Overclocking
The overclocking results listed in this section were achieved with the default fan and voltage settings as defined in the VGA BIOS. Please note that every single sample overclocks differently which is why our results here can only serve as a guideline for what you can expect from your card.
Maximum overclock using the "Quiet" BIOS is 1145 MHz GPU clock (15% overclocking) and 1295 MHz memory (4% overclock).
With the "Uber" BIOS, we saw 1125 MHz GPU clock (13% overclocking) and 1575 MHz memory (26% overclock).
The increased GPU clock can be explained by the fact that PowerTune is less aggressive in "Uber" mode, which means PowerTune will not reduce the clocks as much as in "Quiet" mode. I have no explanation for the difference in memory clock, though. We've seen Hynix chips handle 1500 MHz and more easily, so this seems to be more of a BIOS-related bug. Only being able to reach 1575 MHz on memory in "Uber" mode confirms this suspicion.
Using these clock frequencies, we ran a quick test of
Battlefield 3 to evaluate the gains from overclocking.
Actual 3D performance gained from overclocking in "Quiet" mode is -1.7%. This is because the card is running at the temperature limit when not overclocked, having to reduce clocks to not overheat. Overclocking the card then has power output go up disproportionally, which actually has the card downclock even more to handle the heat.
When using the "Uber" BIOS, we see a 7.2% performance improvement.
Voltage Tuning
It has been a long-known fact that overclocking headroom increases with more operating voltage. Software voltage control has until recently been rare on graphics cards, and most users were not willing to risk their warranty by performing a soldering voltmod, but almost all current cards use voltage control to lower power consumption by throttling voltage in idle and low load.
In this section, we will increase the GPU operating voltage step by step before recording our maximum possible clock speed. Voltage listed is the value reported by the measurement feature of the voltage controller. We left memory frequency at default for this test.
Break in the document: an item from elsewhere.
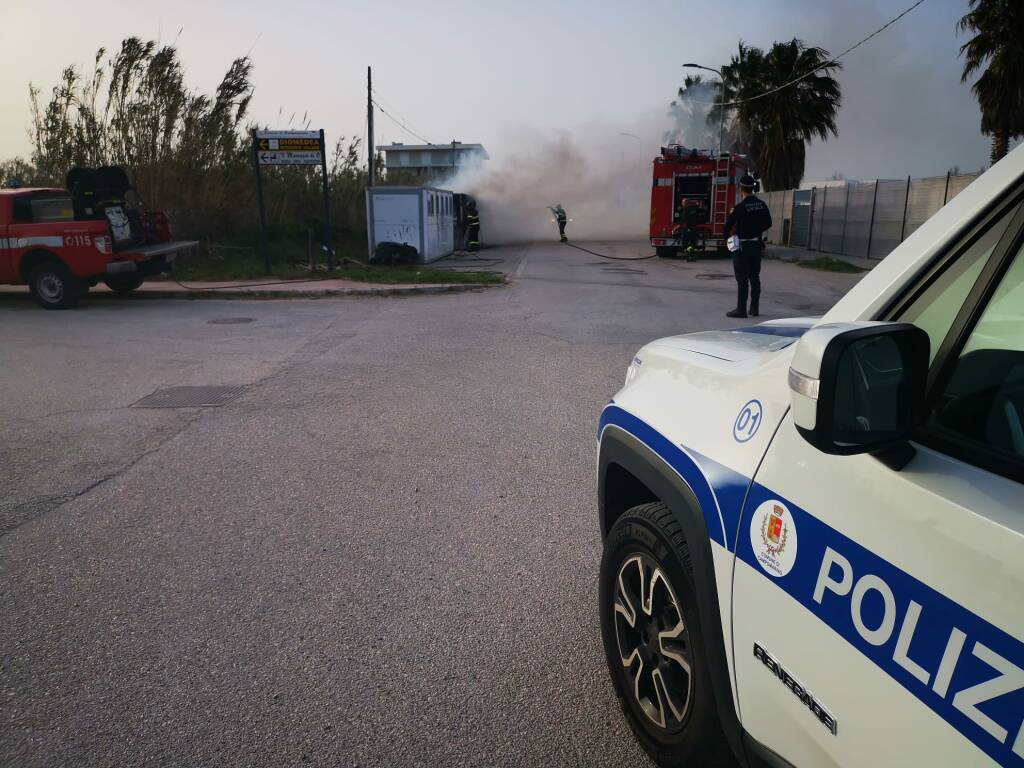 incendio ecoisola lido polizia locale campo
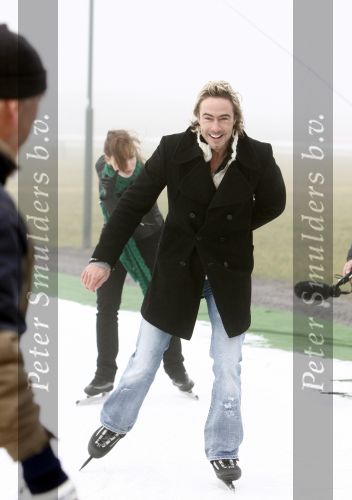 Biddinghuizen 23 december 2008
eerste dag van de film de hel van 63 op de schaatsbaan in Biddinghuizen met Henk Gemser Chris Zegers Cas Jansen en Chava voor in t Holt.
Peter Smulders bv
In order to avoid PowerTune throttling our card, we adjusted the power limit to +50% and set fan speed to 100%, which makes sure the card does not run into temperature limit. We used the "Uber" BIOS in these tests.
The following graph shows our sample's overclocking potential. GPU clock is represented by the blue line using the vertical clock scale on the left. The scale starts at the default clock to give a feel for the card's overclocking potential over its base clock. Temperature is plotted in red using the °C scale on the right side of the graph. An additional graph shows full system power draw in orange, measured at the wall socket while running the given voltage, clock, and temperature.
AMD's Radeon R9 290X shows fantastic clock scaling with GPU voltage, better than any GPU I've previously reviewed. The clocks do not show any signs of diminishing returns, which leads me to believe that the GPU could clock even higher with more voltage and cooling.
AMD's stock cooler is completely overwhelmed with the heat output of the card during voltage tweaking, though. Even at 100%, it could barely keep the card from overheating and was noisier than any cooler I've ever experienced. My neighbors actually complained, asking why I used power tools that late at night.
Power draw also increases immensely, going from just above 400 W for the whole system to around 650 W! To conclude, I expect extreme overlclockers with access to liquid nitrogen to love this card. Everyone else will probably find voltage tuning beyond +0.05 V to be too hot and too noisy.